→ TASK TO COMPLETE: Word for word, repeat the entries, minus the pictures.

============================================================

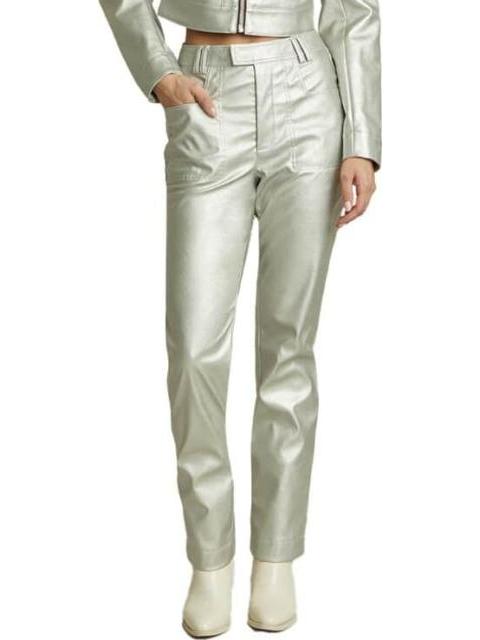 PANTALON RECTO METALICO PLATA HOLLY LAND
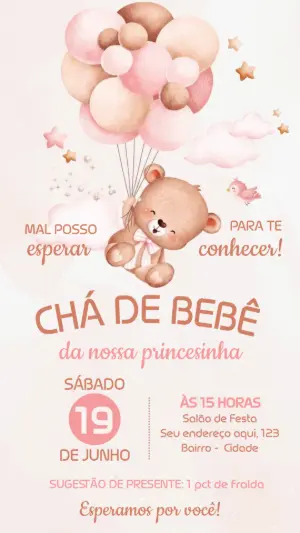 Convite Animado Chá de Bebê Ursinha Flutuando com Balões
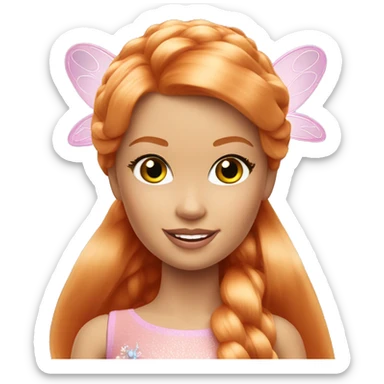 Attractive Barbie ginger fairy sticker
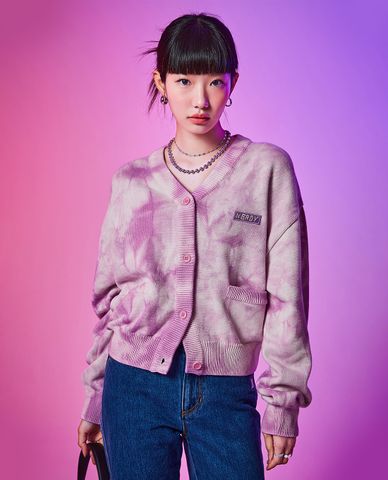  NERDY - Áo khoác cardigan tay dài cổ V Tie Dyeing Cropped 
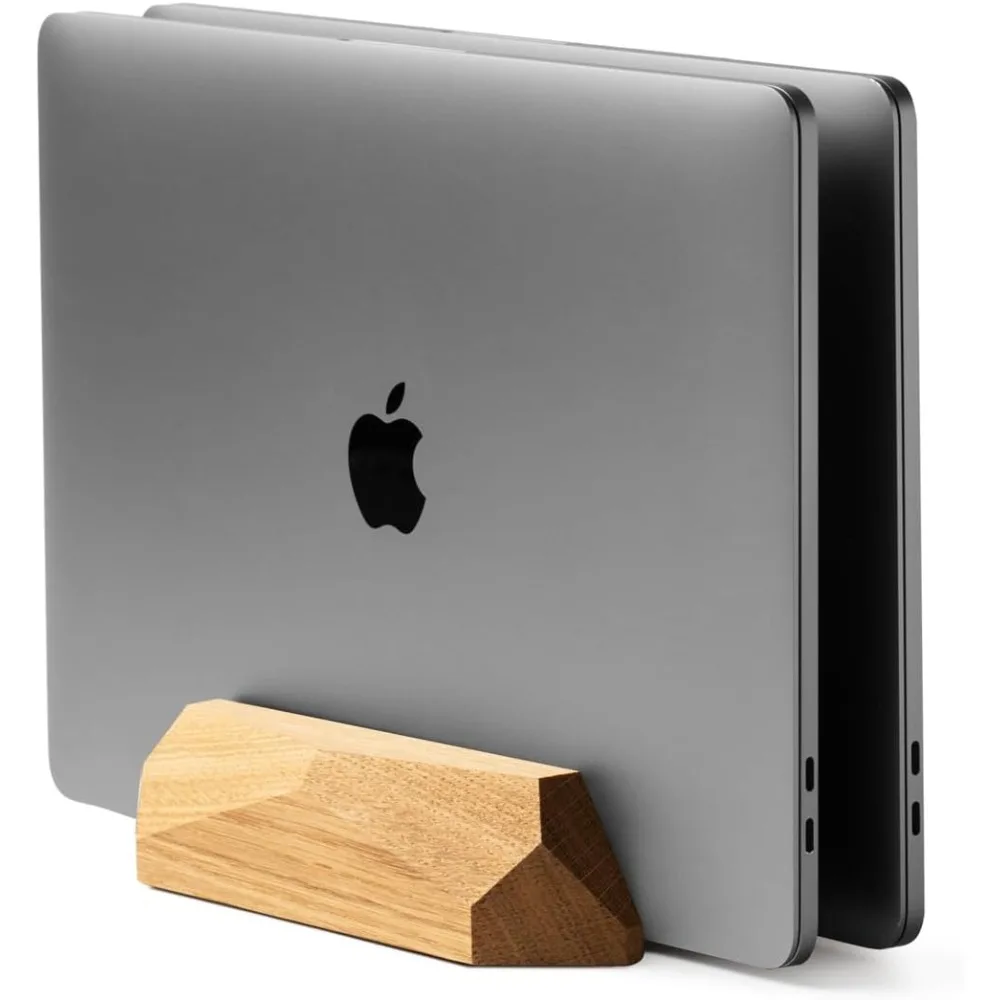 Dual Laptop Dock, Vertical Laptop Stand Wood, Laptop Stand for Desk,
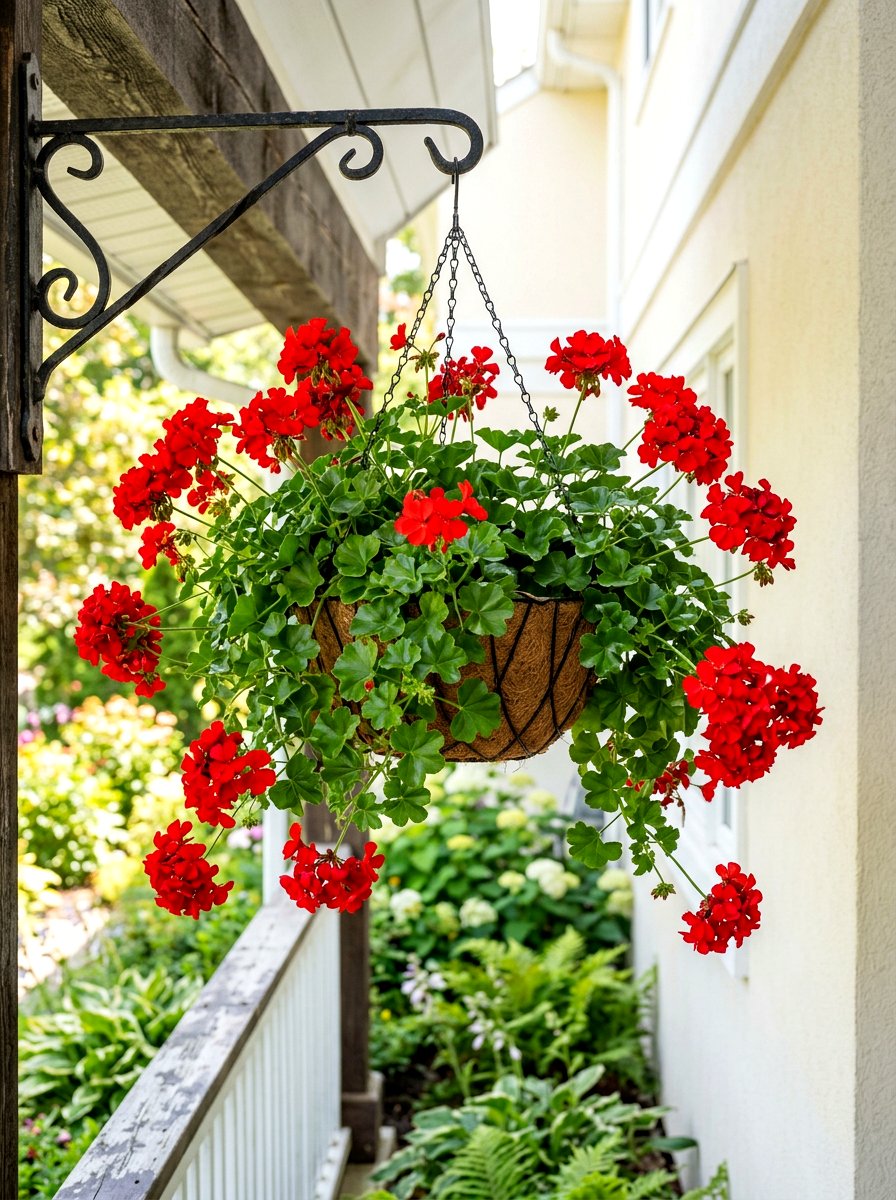 Geranium Hanging Basket - 25 Spring Hanging Basket Flower Ideas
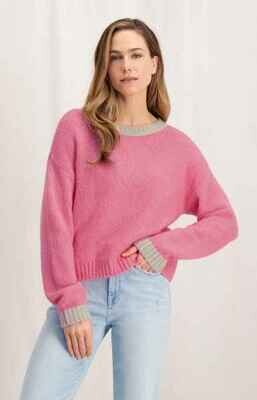 Yaya woman Contrast color sweater ls MORNING GLORY PINK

============================================================

→ ANSWER TO THE PROBLEM:
 PANTALON RECTO METALICO PLATA HOLLY LAND
 Convite Animado Chá de Bebê Ursinha Flutuando com Balões
 Attractive Barbie ginger fairy sticker
  NERDY - Áo khoác cardigan tay dài cổ V Tie Dyeing Cropped 
 Dual Laptop Dock, Vertical Laptop Stand Wood, Laptop Stand for Desk,
 Geranium Hanging Basket - 25 Spring Hanging Basket Flower Ideas
 Yaya woman Contrast color sweater ls MORNING GLORY PINK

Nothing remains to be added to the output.